In Winston-Salem, one developer hopes to secure those vouchers for the residents living in Clifford Apartments.
In November, local nonprofit organization Experiment in Self-Reliance sold Clifford Apartments to the city for $760,000, and in January, city leaders agreed to then sell the building for $600,000 to local developer Jared Rogers. Forsyth County Property Records notes that the eight-unit apartment building built in 1955 was sold to ESR in 1993 for $0.
How do Section 8 vouchers work?
Rogers told TCB that he hopes to secure Section 8 housing choice vouchers for his tenants in order to break even on the rent.
If a tenant qualifies for a Section 8 voucher, their rent and utilities could cost 30 percent of their income while the rest of the bill is footed by the local housing authority — here it’s the Housing Authority of Winston-Salem, or HAWS.
Legally, Section 8 tenants can’t pay more than 40 percent of their adjusted monthly income for rent. Rogers also agreed that the current tenants’ rent will stay the same through the end of 2025. Residents currently pay $580-675 in monthly rent.
“We’re looking at this as a gateway to doing more Section 8 housing,” Rogers told TCB. Rogers said that two tenants already have Section 8 vouchers and wants the other six to get them too.
Still, he “can’t predict each tenant’s situation.”
High demand, low supply
Due to the number of applicants, HAWS’s waiting list for the Housing Choice Voucher Program is currently closed.
In late January, when asked about the housing voucher waiting list status, HAWS’s Executive Director Kevin Cheshire replied to TCB that HAWS does “not currently have a projection on when the waiting list will be reopened.”
However, Rogers told city leaders in January that Cheshire assured him that he was “pretty confident” that the waiting list would be open within the next 12 months.
When TCB followed up with Cheshire to ask him about Rogers’ statement, his response was: “Unfortunately I’m not going to be able to comment on any private conversations that Mr.

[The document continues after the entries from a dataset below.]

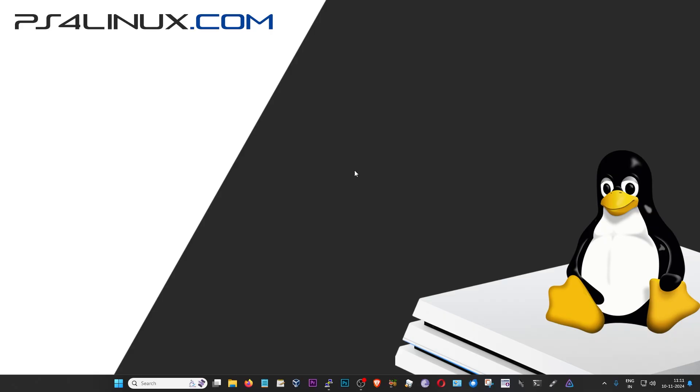Hey guys, welcome back to another video on PS4 Linux. Continuing my series on OpenWrt tutorials, today I have something interesting for you. Do you live in a house or have an office where you have to share files constantly between devices connected to your home network? Are you still using USB devices or wired devices for this? Well, let's change that. We're going to use a network drive to transfer files and store our files.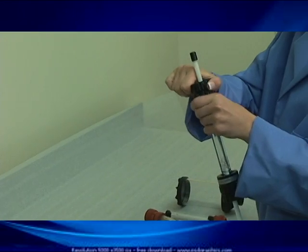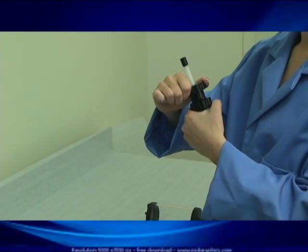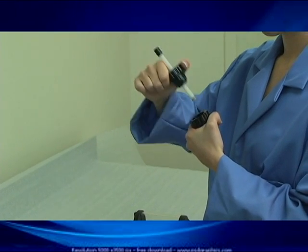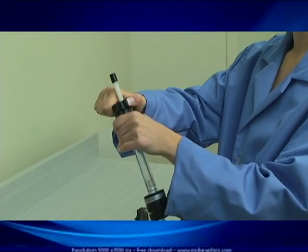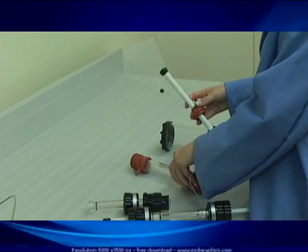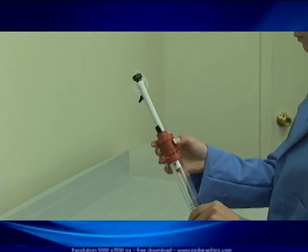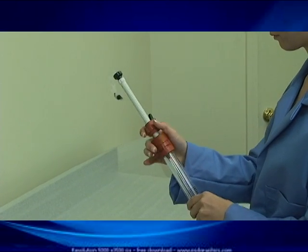Our quick-connect design works much like a child-proof medicine bottle — one quarter turn easily disassembles the column. Once the quarter turn is made, the column quickly comes apart. Turn it back and it snaps together and locks in place. The comparative column, on the other hand, uses a threaded end, which requires a little more effort to assemble and disassemble.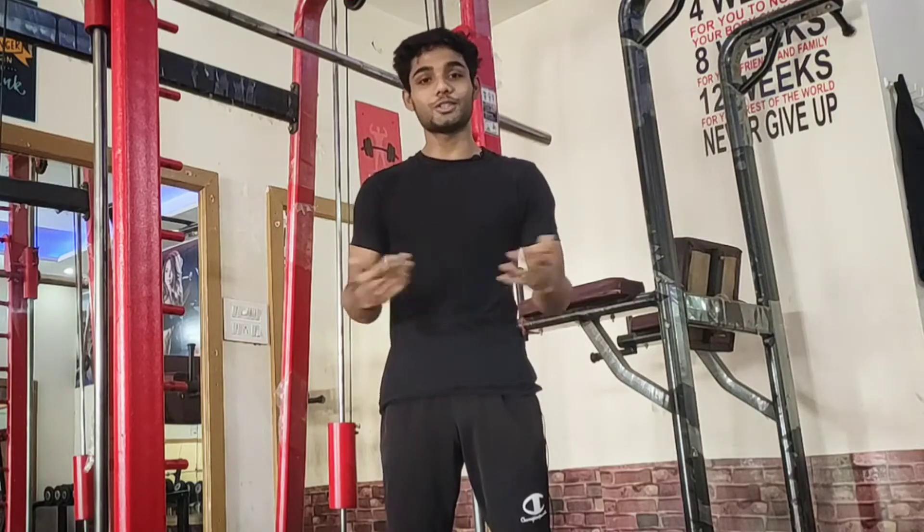Hey guys, this is Ashish from Aisthenics. Welcome back to the channel. This video is going to be a back lever tutorial. So without further ado, let's start here.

Rogers and I had.”
HAWS’s Vice President Kelly Church also told TCB in February that they do not know when the list will reopen. However, it will be open for three days once it does, Church said.

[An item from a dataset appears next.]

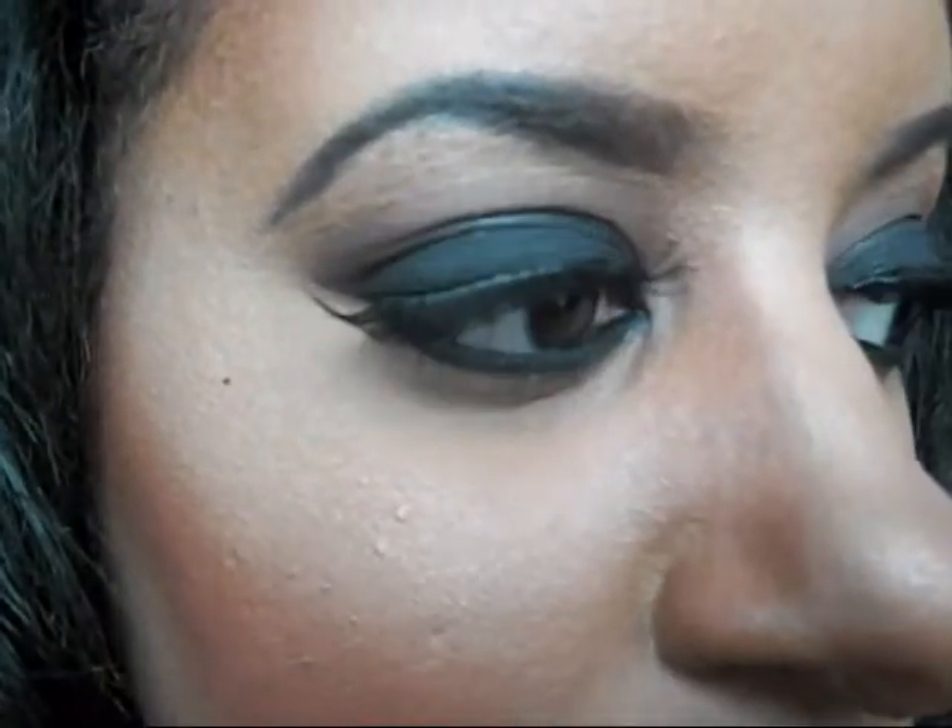Hey guys, this is the completed look. Very simple to do — super sexy, glamorous smokey eyes. I hope you guys enjoyed watching this tutorial. Don't forget to subscribe if you haven't already, and join me on Facebook. I'll leave the link to my Facebook page in the box below. I will see you guys next time. Bye!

In January, Romonda Gaston, HAWS’s Housing Choice Voucher Program Director, said there are roughly 1,000 vouchers that are not in use right now. As of December, 3,382 of HAWS’s vouchers were leased — that’s 74.5 percent of their total 4,537. The state’s average is 81.2 percent.
Currently, 934 families are on HAWS’s waiting list for a housing voucher. In December, HAWS issued 23 vouchers. That means 23 families got off the waiting list and were given a maximum of 120 days to look for housing. Once those 120 days are up, those people will be “removed from the waiting list,” Gaston said. “They will have to re-apply whenever we reopen the waiting list.”
Also, 20 vouchers were leased in December.
During the same month in 2022, 35 families found housing with their vouchers. Last year’s highest month for vouchers leased was March, with 47.
The city’s lack of affordable housing might have something to do with HAWS’s low issuance rate. The city needs to build 15,000 units by 2027, according to a 2020 city staff report on affordable housing sites, with a goal of feeding 750 units into the city’s affordable-housing stock every year. At a housing meeting in January, the city’s Housing and Development Manager Tanya Skillman said that the city council approved 811 new construction units. On average, it takes 18-24 months to construct an apartment complex.